- **Task brief**
From the line below that contains "In our demo, we'll" to the line that contains "In this lesson", repeat every line exactly, both ends included, and nothing else.

- **Extracted records**

BEGIN

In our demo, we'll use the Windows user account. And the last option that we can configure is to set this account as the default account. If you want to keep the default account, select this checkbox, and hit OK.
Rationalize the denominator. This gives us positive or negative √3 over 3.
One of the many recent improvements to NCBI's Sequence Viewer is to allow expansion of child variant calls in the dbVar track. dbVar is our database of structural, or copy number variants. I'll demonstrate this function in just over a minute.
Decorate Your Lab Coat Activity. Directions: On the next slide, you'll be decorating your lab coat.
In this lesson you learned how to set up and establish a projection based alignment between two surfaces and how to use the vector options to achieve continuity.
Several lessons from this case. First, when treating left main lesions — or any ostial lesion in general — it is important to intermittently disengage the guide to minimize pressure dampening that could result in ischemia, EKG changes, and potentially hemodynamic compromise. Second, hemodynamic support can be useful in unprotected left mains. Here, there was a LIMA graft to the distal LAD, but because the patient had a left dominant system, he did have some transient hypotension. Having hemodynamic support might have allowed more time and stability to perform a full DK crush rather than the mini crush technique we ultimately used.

END
BEGIN

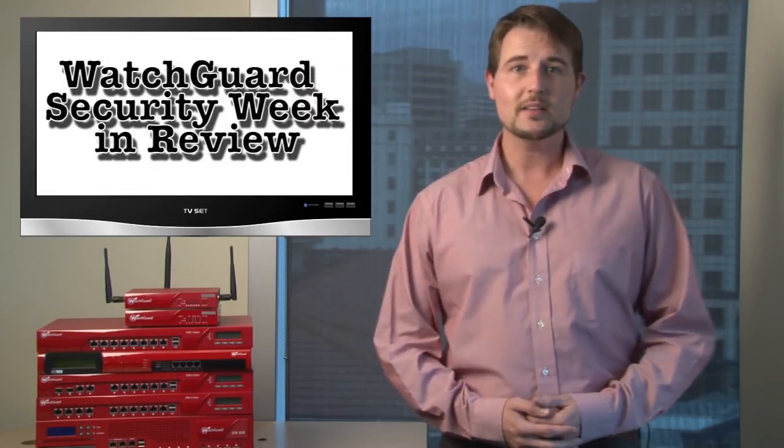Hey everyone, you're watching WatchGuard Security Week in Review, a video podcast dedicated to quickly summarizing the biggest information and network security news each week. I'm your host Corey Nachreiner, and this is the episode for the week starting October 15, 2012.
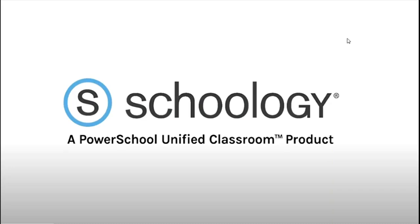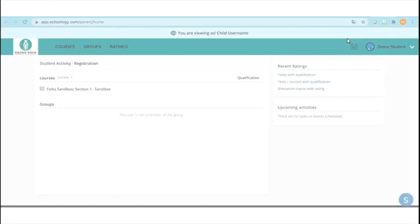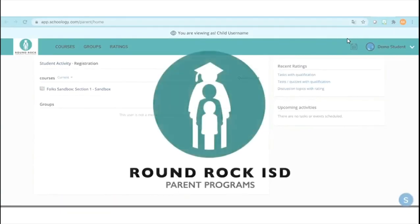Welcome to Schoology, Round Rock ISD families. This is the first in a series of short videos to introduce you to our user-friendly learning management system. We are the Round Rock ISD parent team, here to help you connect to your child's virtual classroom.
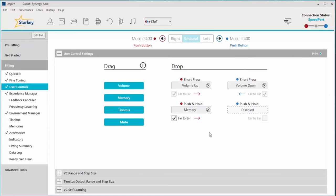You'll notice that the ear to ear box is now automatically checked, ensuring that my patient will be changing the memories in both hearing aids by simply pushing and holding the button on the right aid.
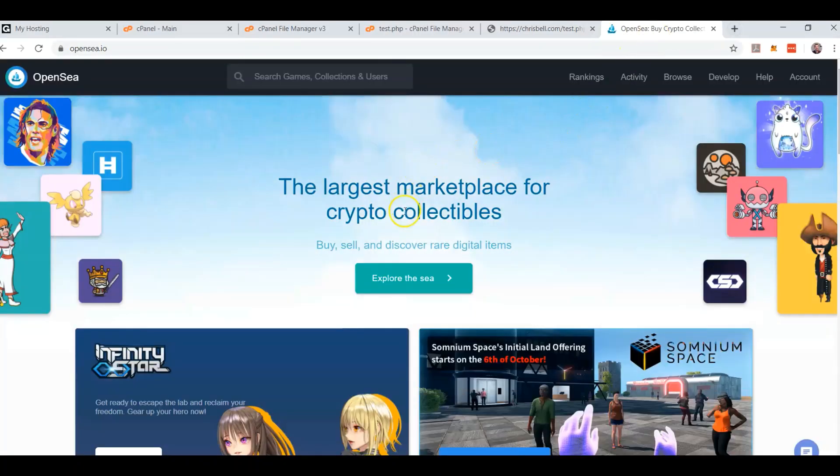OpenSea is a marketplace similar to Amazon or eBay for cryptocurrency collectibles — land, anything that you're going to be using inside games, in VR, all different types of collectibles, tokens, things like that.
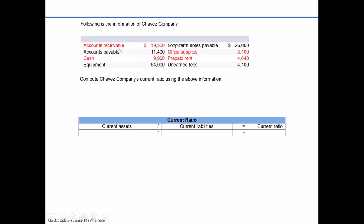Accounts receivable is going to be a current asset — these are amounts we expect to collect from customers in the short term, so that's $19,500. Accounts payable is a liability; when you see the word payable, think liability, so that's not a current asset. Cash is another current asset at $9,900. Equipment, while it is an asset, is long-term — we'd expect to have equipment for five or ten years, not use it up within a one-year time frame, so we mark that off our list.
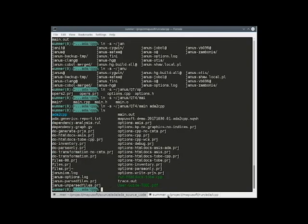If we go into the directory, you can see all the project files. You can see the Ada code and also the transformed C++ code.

END

- **Solution for this exercise**
In our demo, we'll use the Windows user account. And the last option that we can configure is to set this account as the default account. If you want to keep the default account, select this checkbox, and hit OK.
Rationalize the denominator. This gives us positive or negative √3 over 3.
One of the many recent improvements to NCBI's Sequence Viewer is to allow expansion of child variant calls in the dbVar track. dbVar is our database of structural, or copy number variants. I'll demonstrate this function in just over a minute.
Decorate Your Lab Coat Activity. Directions: On the next slide, you'll be decorating your lab coat.
In this lesson you learned how to set up and establish a projection based alignment between two surfaces and how to use the vector options to achieve continuity.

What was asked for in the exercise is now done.